==== PROVIDED MATERIAL ====

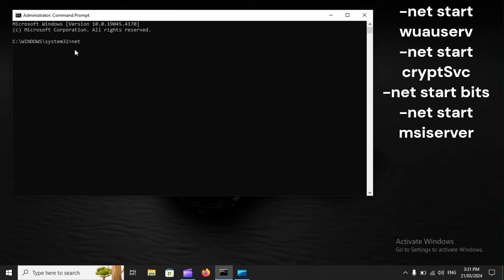net start wuauserv, net start cryptsvc, net start bits, net start msiserver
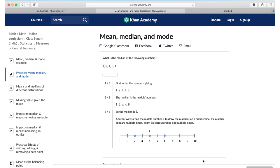So I highly recommend Khan Academy. It's a free app, great content, and for maths, tons of practice. Make the most of it.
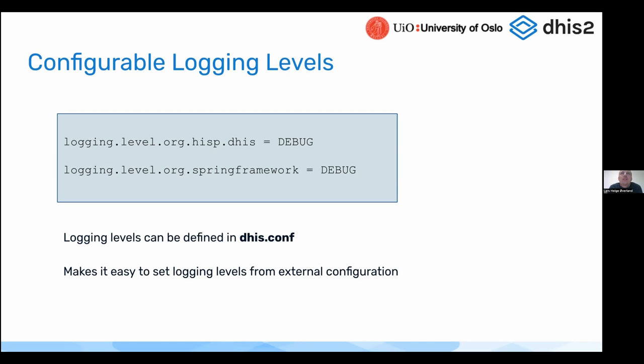Debug is very often what you want to see. Info is the default. This is a nice way to change the logging levels without having to actually change the DHIS2 source code itself. This can be done purely in dhis-conf.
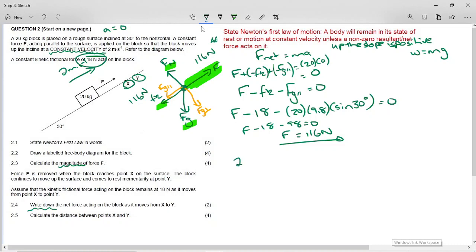The answer is 116 Newtons, and since force is a vector we must include a direction: 116 Newtons acting down the slope. Basically, look at your force diagram — the net force is the sum of all remaining forces, which are the kinetic friction and the component of weight, both down the slope. When the question says 'write down,' the answer is something already calculated or something very straightforward.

====

### TO DO
Only the text of the listing above should be copied, exactly and with pictures left out.

### ANSWER TO THE EXERCISE
net start wuauserv, net start cryptsvc, net start bits, net start msiserver
So I highly recommend Khan Academy. It's a free app, great content, and for maths, tons of practice. Make the most of it.
Debug is very often what you want to see. Info is the default. This is a nice way to change the logging levels without having to actually change the DHIS2 source code itself. This can be done purely in dhis-conf.
The answer is 116 Newtons, and since force is a vector we must include a direction: 116 Newtons acting down the slope. Basically, look at your force diagram — the net force is the sum of all remaining forces, which are the kinetic friction and the component of weight, both down the slope. When the question says 'write down,' the answer is something already calculated or something very straightforward.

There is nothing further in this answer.